As Congress wrangled unsuccessfully in averting a partial government shutdown Monday, the farm bill expired.
Doug Sombke, president of the South Dakota Farmer's Union, said the farm bill was operating under a one-year extension, but that legislation expired Sept, 30. While the House and Senate have drafted separate pieces of legislation, Sombke said the two sides have yet to come together on a new multi-year package.
The farm bill authorizes several agriculture-related programs as well as nutrition programs, including the Supplemental Nutrition Assistance Program, 60s Plus dining, Meals on Wheels and backpack programs, Sombke said. The renewable fuels standard is also part of the legislation.
Expiration of the current farm bill means the operation of farm programs revert back to permanent law established in 1938 and 1949.

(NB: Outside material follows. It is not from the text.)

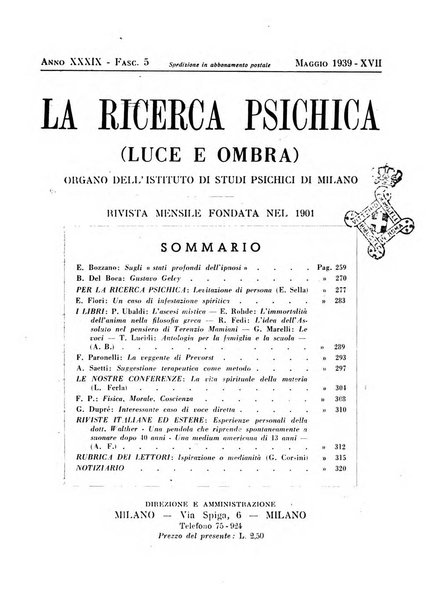 La ricerca psichica luce e ombra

"With no extension, the permanent law doesn't kick in until the end of the year," Sombke said.
This provision was put in place to force Congress to address new farm legislation every few years, he said.
Sombke said the Senate is proposing a $4 billion cut to nutrition programs, while the House has proposed a $39 billion cut. The House version of the farm bill also proposes a discontinuation of permanent law.
"That would be detrimental," Sombke said, adding that the Senate version proposes continuation of permanent law.
Sombke said he's seen varied temperaments in Congress over the years, but right now is not fun.
"It definitely shows a lack of respect for each other and a lack of leadership," he said. "Our country's forefathers would be rolling in their graves right now."
From his perspective, Sombke said, a final farm bill should include a combined nutrition and farm bill. He said the final version of the bill will most likely include some cuts to the nutrition program in the range of $10 billion to $12 billion over the next 10 years.
"I don't think we'll see $39 (billion) or $4 (billion)," he said
Sombke said the permanent law provision is definitely needed.
"Without that law, we would lose any connection and go to a free market situation," he said.
If the expiration of the farm bill provisions continue, Sombke said consumers will eventually see increases in prices for various commodities.
"We will see milk, cheese and butter prices go up," he said.
This increase is set to take place Jan. 1.
Not all commodities produced today are included in the permanent law provisions. Sombke said sugar and soybeans are two of those commodities.
"One of the biggest concerns for the sugar industry is they would be removed, which would greatly increase the price," he said.
Sombke said the longer a farm bill isn't in effect, the more it affects the baseline for farmers.
"By not having a farm bill, farmers are losing a baseline," he said. "For every year we don't have a farm bill, it's costing American government more."
With the partial government shutdown taking effect, Sombke said emergency-related services will continue, but FSA offices are closed, which means farmers will be unable to obtain a loan for grains. Payments for various farm programs, such as the Conservation Reserve Program and Wetland Reserve Program, will not be paid.
Sombke said one activity that will continue is farming.
"We know what the farmers want, and we know how disgusted they are," he said. "They keep going in the hopes that someone else in the government's leadership would do the right thing. Instead, they're listening to special interest groups who want their way on whatever topic it is."